- for January 1, 2007: Apple's QuickTiime - A vulnerability exists in the handling of the rtsp:// URL handler. This issue reportedly affects QuickTime™ Version 7.1.3, Player Version 7.1.3. Previous versions should be vulnerable as well. Both Microsoft Windows and Mac OS X versions are affected.

- for January 2, 2007: VideoLAN's VLC Media Player: A format string vulnerability exists in the handling of the udp:// URL handler. This issue reportedly affects VLC for Mac OS X and Microsoft Windows.
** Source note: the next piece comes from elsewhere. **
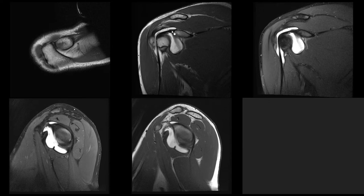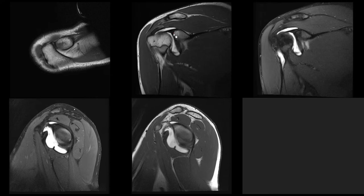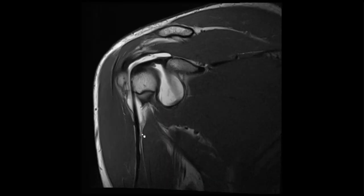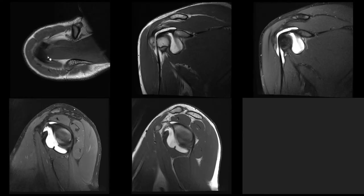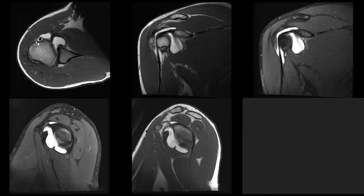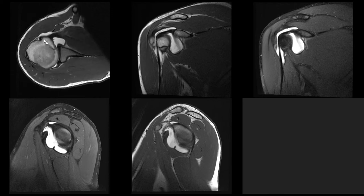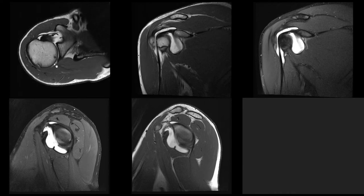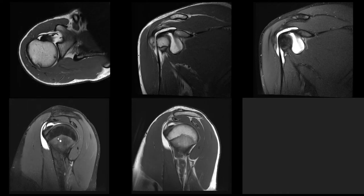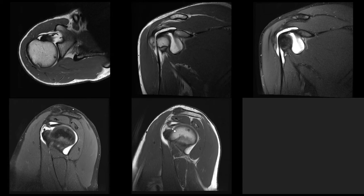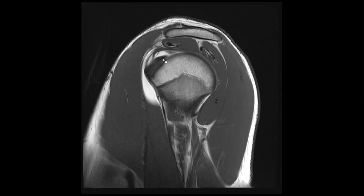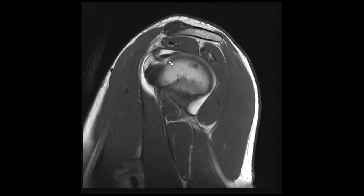Then the next thing is the long biceps tendon. Make sure you start off with the origin here and then you can follow its course nicely down into the bicipital groove. Check it on all your available sequences — it's nicely central here in the canal so it's not subluxated. And also here you can see the biceps pulley, which is a little bit thickened, but the tendon itself, position-wise, is okay.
"This initiative aims to serve as an effort to improve Mac OS X, uncovering and finding security flaws in different Apple software and third-party applications designed for this operating system. A positive side-effect, probably, will be a more concerned (security-wise) user-base and better practices from the management side of Apple. Also, we want to develop and provide tools and documented techniques to aid security research in this platform. If nothing else, we had fun working on it and hope people-with-a-brain out there will enjoy the results. "

"Rarely, the point is releasing them without vendor notification. Although, sometimes we may decide to pass an issue through the appropriate people. The problem with so-called 'responsible disclosure' is that for some people, it means keeping others on hold for insane amounts of time, even when the fix should be trivial. And the reward (automated responses and euphemism-heavy advisories) doesn't pay off in the end."
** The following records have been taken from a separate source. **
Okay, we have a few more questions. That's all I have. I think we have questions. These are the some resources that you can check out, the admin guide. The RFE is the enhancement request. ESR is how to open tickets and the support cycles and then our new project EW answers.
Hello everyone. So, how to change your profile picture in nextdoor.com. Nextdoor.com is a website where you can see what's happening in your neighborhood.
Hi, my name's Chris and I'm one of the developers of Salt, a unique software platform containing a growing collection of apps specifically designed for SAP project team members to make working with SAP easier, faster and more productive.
Finally, also on the FAQ page, they indicate they are not very concerned about criticism of their efforts. In answer to the question "John Doe has written a 'post' in his blog, saying he debunks the XXX bug, what's that?", they reply, "No worries. It's probably someone begging for attention or PR-brainwashed."

Apple's response so far? Apple spokesman Anuj Nayar said the company always welcomes feedback on how to improve security on the Mac.